View interactive notebook here.
Outlier detection is a key step to any analysis. It allows you to quickly spot errors in data collection, or which points you may need to remove before you do any statistical modeling. There are a number of ways to find outliers, this snippet focuses on the Standard Deviation method.
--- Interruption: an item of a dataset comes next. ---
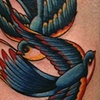 intertwined sparrows
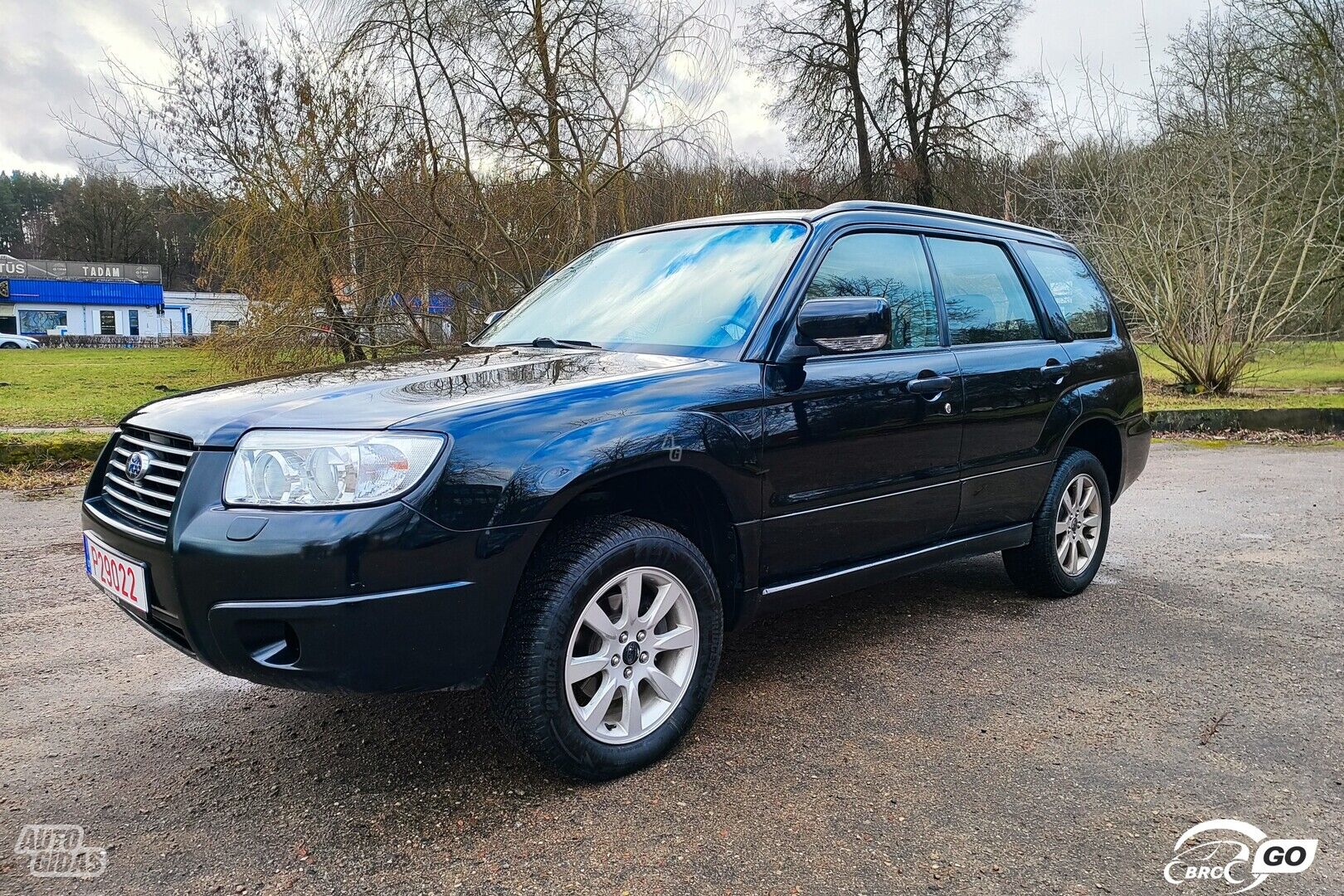 Subaru Forester 2005 y Off-road / Crossover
For this example, we'll be looking at some data that shows the total number of daily streams for the Top 200 Tracks on Spotify every day since Jan 1 2017:
Data:
streams | day |
---|---|
234109876 | 25/10/2020 |
... | .... |
The most common way outliers are detected is by finding points outside a certain number of sigmas (or standard deviations) from the mean. If the data is normally distributed, then the following rules apply:
Image from anomoly.io So, identifying points 2 or 3 sigmas away from the mean should lead us to our outliers.
SELECT
data.*,
case
when <OUTLIER_COLUMN> between mean - 3 * stdev and mean + 3 * stdev
then 'not outlier'
else 'outlier'
end label,
mean - <SIGMAS> * stdev lower_bound,
mean + <SIGMAS> * stdev upper_bound
FROM data
CROSS JOIN
(
SELECT
avg(<OUTLIER_COLUMN>) mean,
stddev_samp(data.streams<OUTLIER_COLUMN>
FROM <TABLE> AS data ) mean_sd
ORDER BY label DESC
where:
<OTHER_COLUMNS>
: Columns selected other than the outlier column<OUTLIER_COLUMN>
: Column name for outlier<SIGMAS>
: Number of standard deviations to identify the outliers (suggested: 3)
select
data.*,
case
when streams between mean - 3 * stdev and mean + 3 * stdev then 'not outlier'
else 'outlier'
end label,
mean - 3 * stdev lower_bound,
mean + 3 * stdev upper_bound
from data
cross join (select
avg(data.streams) mean,
stddev_samp(data.streams) stdev
from data ) mean_sd
order by label desc
day | streams | label | lower_bound | upper_bound |
---|---|---|---|---|
29/06/2018 | 350167113 | outlier | 146828000.339 | 326135386.804 |
08/01/2017 | 162831491 | not outlier | 146828000.339 | 326135386.804 |